Research team releases ground-breaking findings around topology optimization of structures subjected to dynamic loads

October 04, 2021

Portrait

Giraldo-Londono

A Mizzou Engineer was part of a research team that has released ground-breaking findings that could improve the longevity and durability of bridges, buildings and other structures.

Oliver Giraldo-Londoño, the James W. and Joan M. O’Neill Faculty Scholar in Engineering, and collaborators from Georgia Institute of Technology and Sandia National Laboratories, found a way to handle millions of material failure constraints in topology optimization of structures subjected to dynamic loads, such as moving cars. They published the work in the journal Structural and Multidisciplinary Optimization.

Topology optimization is a numerical technique used to find the optimal distribution of material to design the most efficient structure. Think of topology optimization like a sculptor: It removes unnecessary material leaving behind only the material needed to make the best possible structure.

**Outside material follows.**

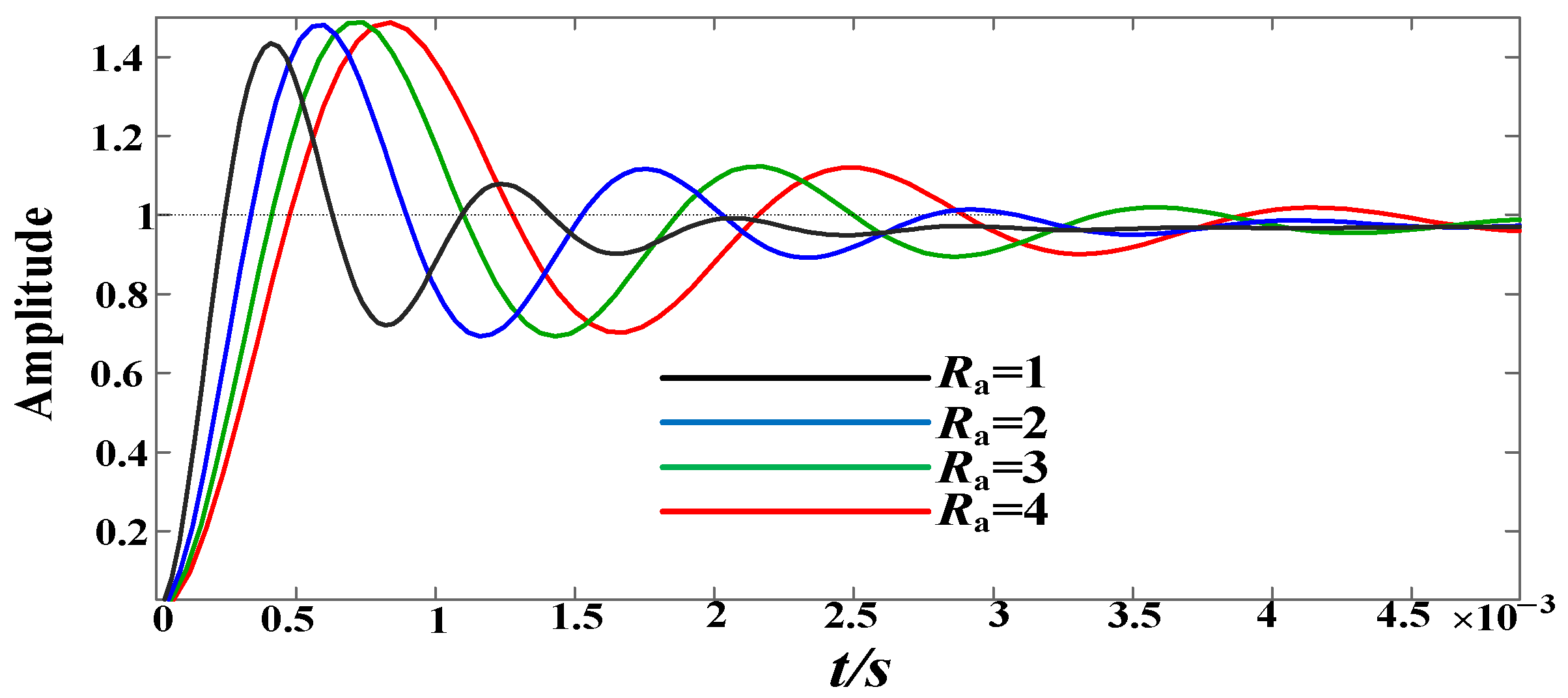 Electronics 12 01412 g008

Traditional formulations around topology optimization, however, haven’t had effective ways to account for local material failure, leading to structures that may fail locally at a specific point or region when loaded. For instance, a certain point on a bridge will experience more stretching and distress than another point when a semi-truck drives over it. If not designed properly, the bridge may fail locally at the point or region that has stretched the most. There are millions of those types of stresses happening inside any structure subjected to dynamic loading, but until now, engineers were only approximating their effect to solve topology optimization problems under static loading, or loads that do not move.

“Those approximations lead to inadequate results and limit what can be done,” said Giraldo-Londoño, an assistant professor in civil and environmental engineering. “To solve large problems, you need to treat stress as a local quantity. In my work, we developed a new computational technique that solves that problem in a consistent way, treating stress as a local quantity at every point.”

To do that, he and his team used a well-established mathematical programming technique known as the augmented Lagrangian method. The technique has been used to solve similar problems in the past, but only for static loads, or loads that do not move or change over time. For this paper, Giraldo-Londoño introduced a new numerical scheme that solves dynamic problems by factoring in millions of variables.

“To my knowledge, this is the very first work in the literature that has been able to solve stress-constrained problems for dynamic loads,” he said. “The formulation is quite generic and can be used for many applications.”

He hopes this technique will provide inspiration that leads to more optimal designs, not only for bridges and buildings but for aircraft components, airless tires and other innovative weight-bearing structures.

Giraldo-Londoño submitted the paper while finishing his PhD at Georgia Institute of Technology. At Mizzou, he hopes to continue to work on the problem under other conditions.

“At this point, the formulation assumes materials are linear, but when materials deform considerably, they are no longer linear, so we need to test it on materials under large deformations,” he said. “There are many ways to improve this, but it was a very significant breakthrough.”

Co-authors on the paper were Glaucio Paulino, Giraldo-Londoño’s advisor at Georgia Tech, and Miguel Aguilo of Sandia National Laboratories.